- [To do]: Would you transcribe exactly the lines from the one containing "Trendy Colourful Custom" to the last line of the data below, both ends included, but none of the pictures?

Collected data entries
--*--

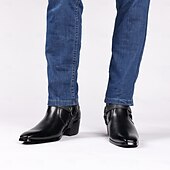 abordables Botas de ciclista-Botines de moto de piel sintética marrón para hombre con detalle de correa y anillo de metal: elegantes botas de motociclista de inspiración western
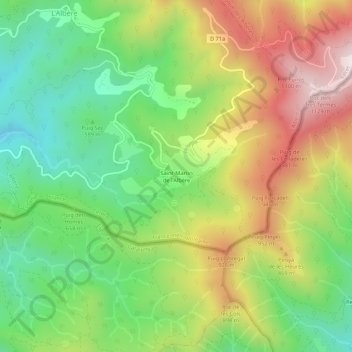 Carte topographique Saint-Martin de l'Albère, altitude, relief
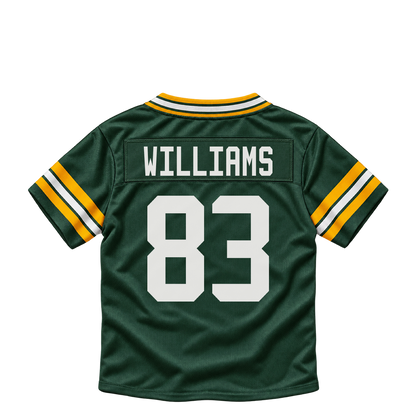 Green Bay Packers jersey keychain — Savion Williams #83. Exact saved player artwork preview.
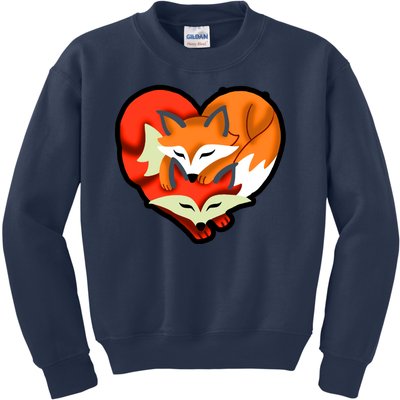 Cute Foxy Heart Fox Lover Kids Sweatshirt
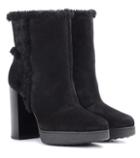 Tod's Shearling-lined Suede Ankle Boots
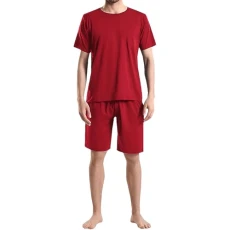 Mens Plus Size Pyjamas Sets Short Sleeve T-Shirt Top and Shorts Soft Comfy Sleepwear Loungewear with Pockets Burgundy 3XL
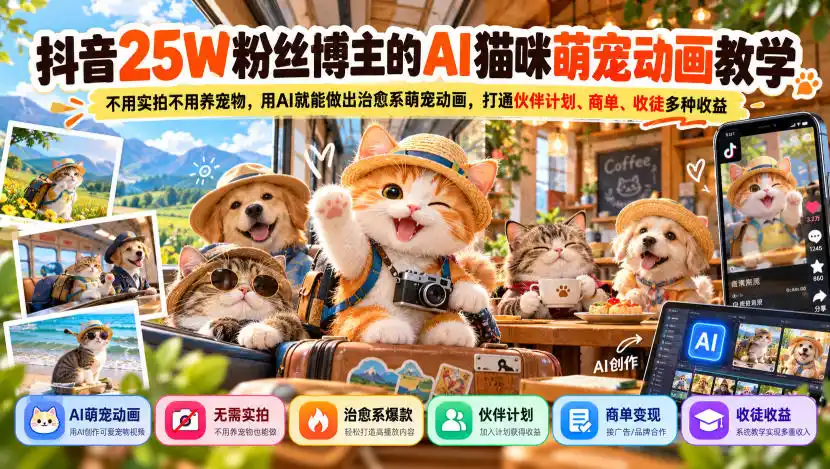 抖音25W粉丝博主的AI猫咪萌宠动画教学，不用实拍不用养宠物，用AI就能做出治愈系萌宠动画，打通伙伴计划、商单、收徒多种收益-小玖网_综合网创资源_优质付费资源_知识付费网课平台_创业项目
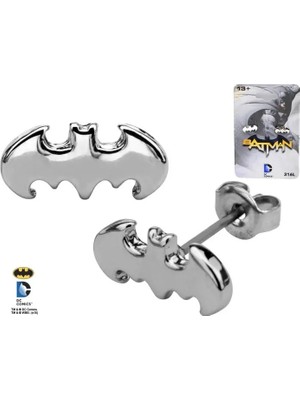 Sales One Body Vibe Dc Comics Silver Tone Batman Geçmeli Küpe Paslanmaz Çelik Post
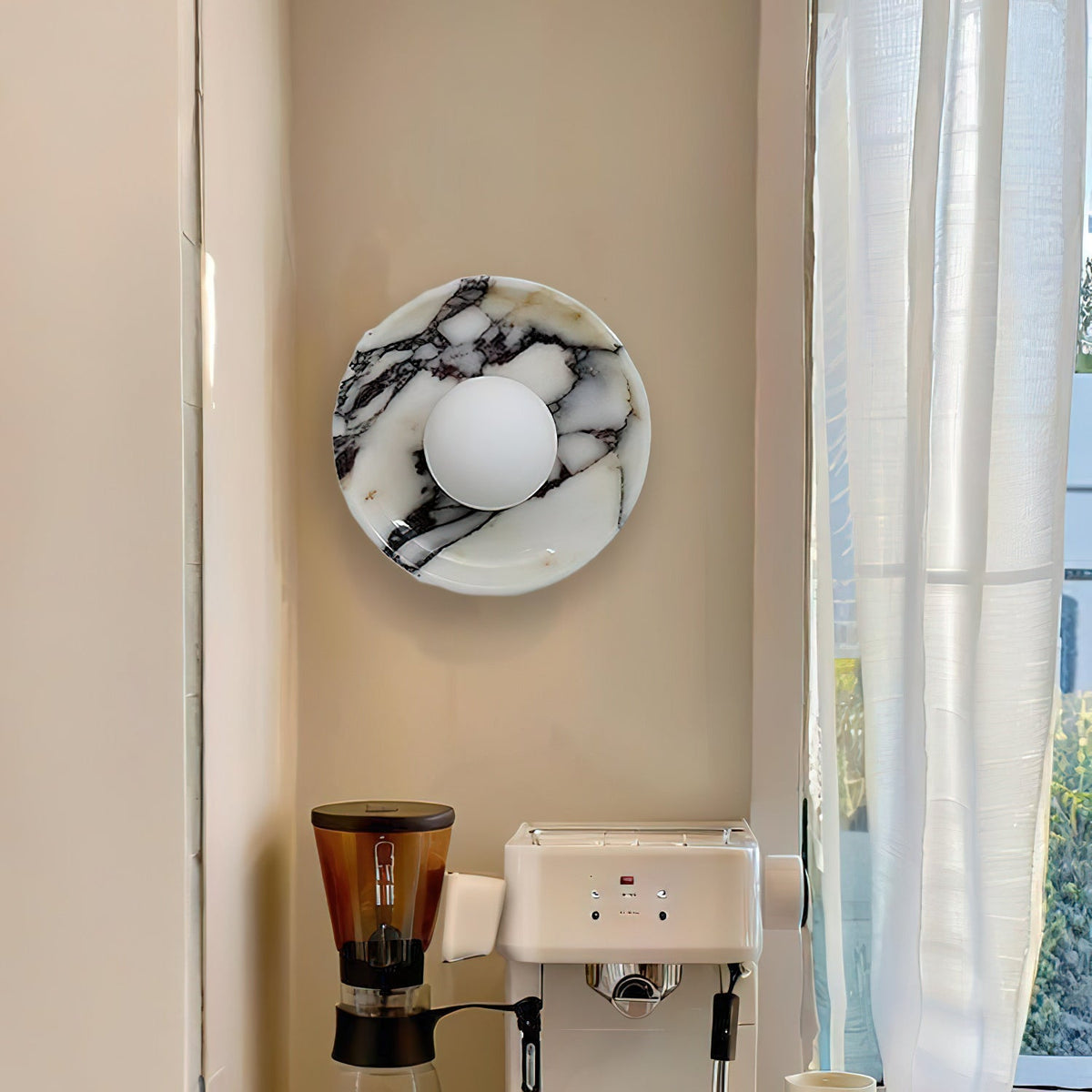 Viola Marble Globe Wall Sconce — AL-ST0004 — product view 2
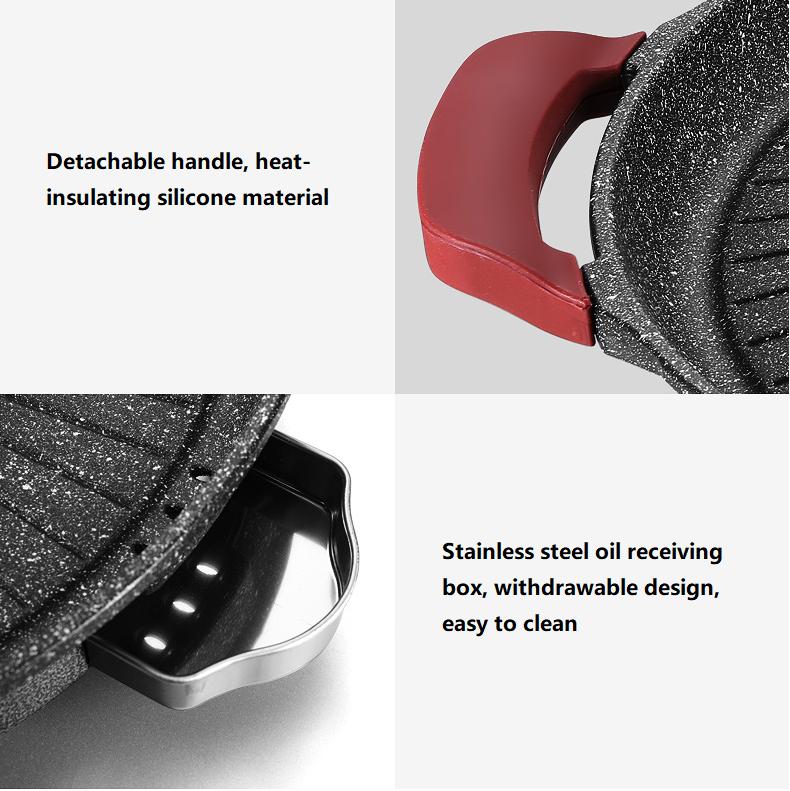 220V Household Electric Grill Pan For Home Round Barbecue Pan Non-stick Frying Pan Pot With Cooking Pot Multi Cooker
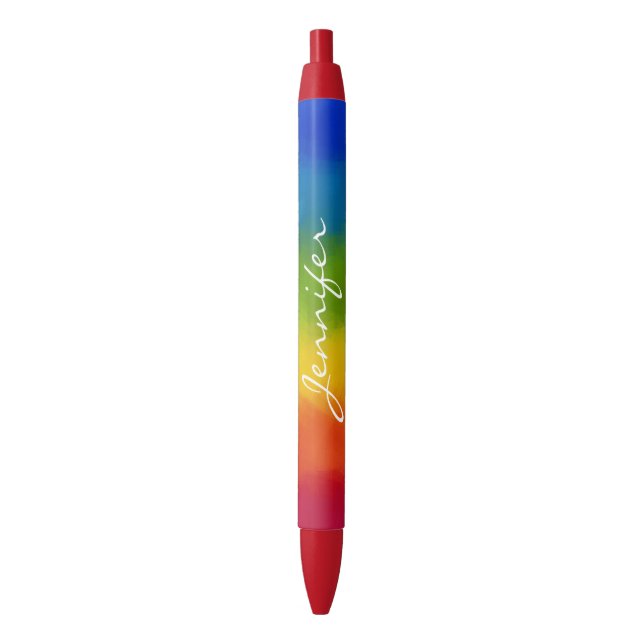 Trendy Colourful Custom Handwritten Name Script Blue Ink Pen (Front Vertical)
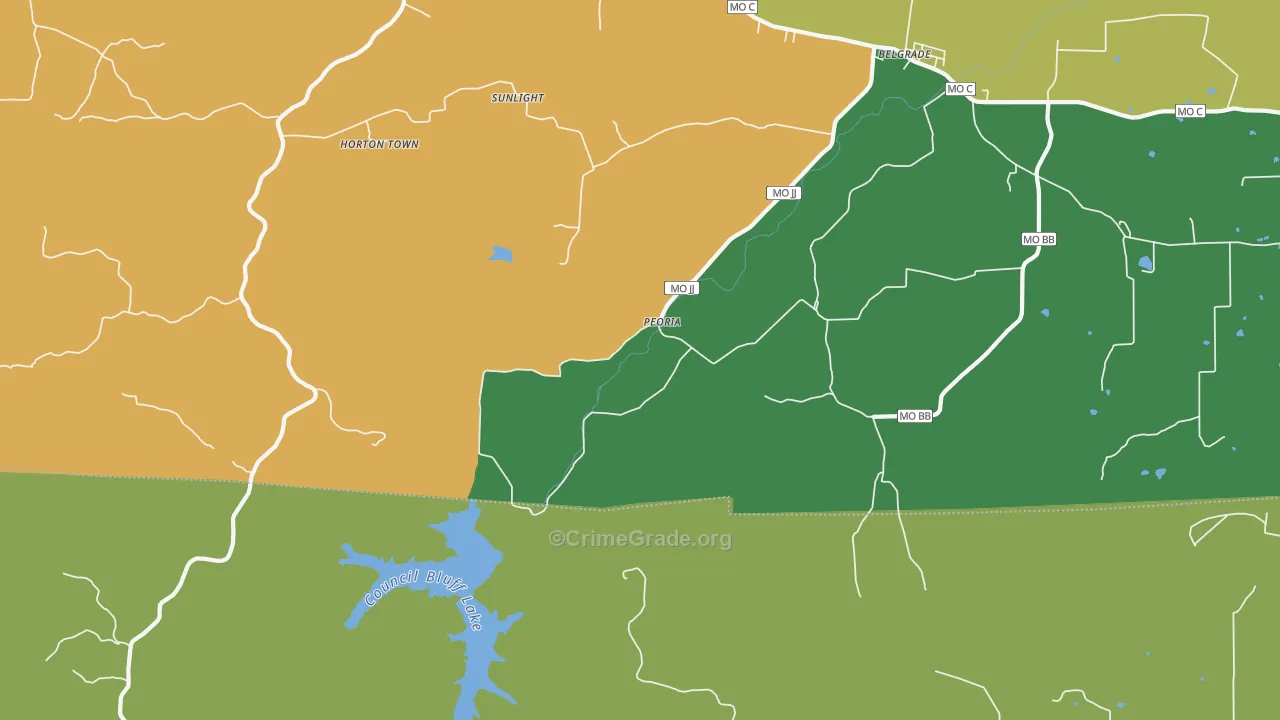 Peoria, MO Map of Assault Rates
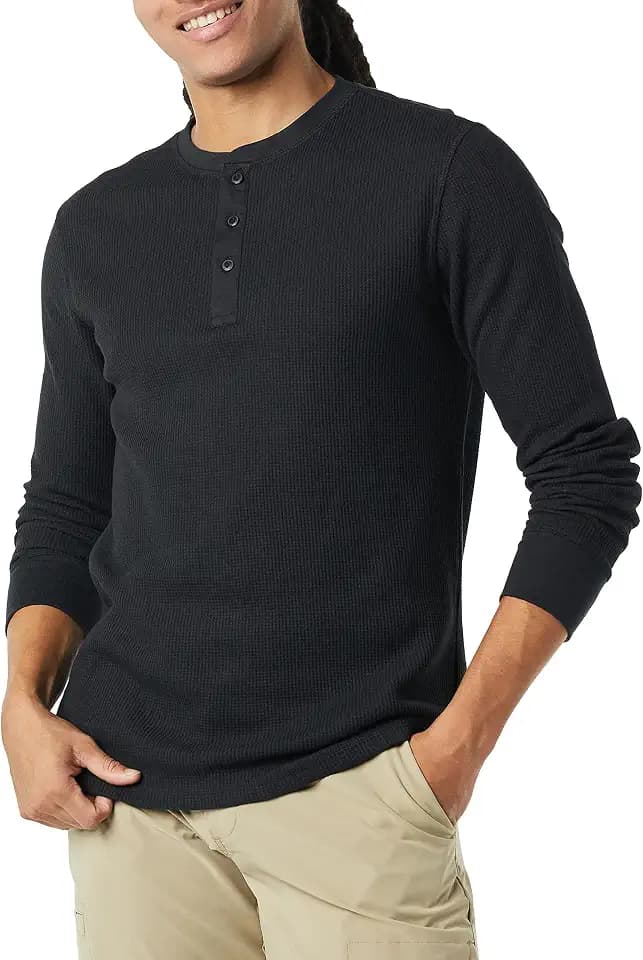 Amazon Essentials Herren Langärmeliges Waffel-Henley, Schmale Passform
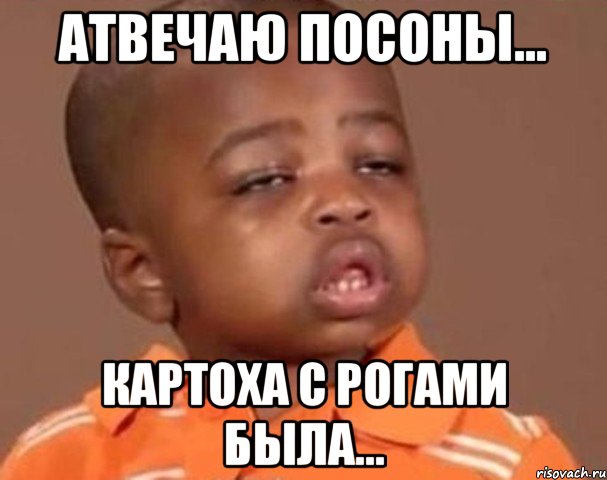 атвечаю посоны... картоха с рогами была..., Мем  Какой пацан (негритенок)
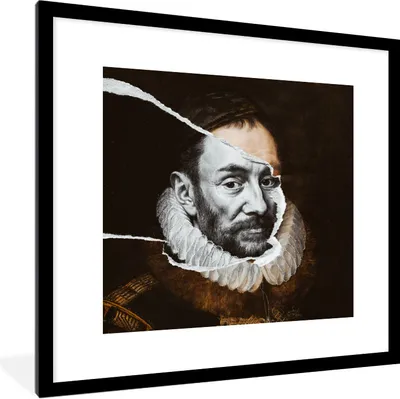 Produktbild von MuchoWow® Gerahmtes Poster Wilhelm von Oranien - Alte Meister - Adriaen Thomasz 40x40 cm - Poster mit Schwarzem Bilderrahmen Wandposter Rahmen Foto Bilder - Poster - Plakat im Rahmen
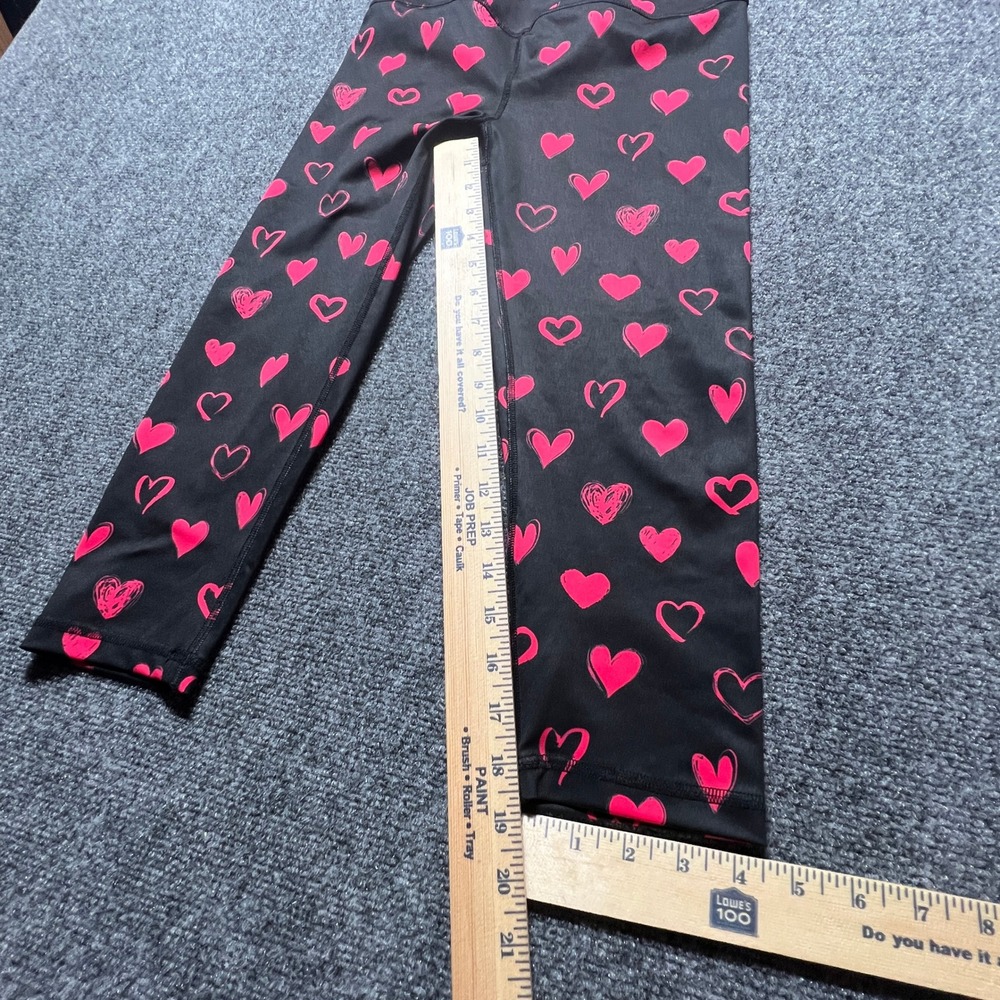 Kali Miami Fitwear Womens Black Pink Heart Print Capri Leggings Size Medium - Picture 3 of 7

--*--

- [Task result]:
 Trendy Colourful Custom Handwritten Name Script Blue Ink Pen (Front Vertical)
 Peoria, MO Map of Assault Rates
 Amazon Essentials Herren Langärmeliges Waffel-Henley, Schmale Passform
 атвечаю посоны... картоха с рогами была..., Мем  Какой пацан (негритенок)
 Produktbild von MuchoWow® Gerahmtes Poster Wilhelm von Oranien - Alte Meister - Adriaen Thomasz 40x40 cm - Poster mit Schwarzem Bilderrahmen Wandposter Rahmen Foto Bilder - Poster - Plakat im Rahmen
 Kali Miami Fitwear Womens Black Pink Heart Print Capri Leggings Size Medium - Picture 3 of 7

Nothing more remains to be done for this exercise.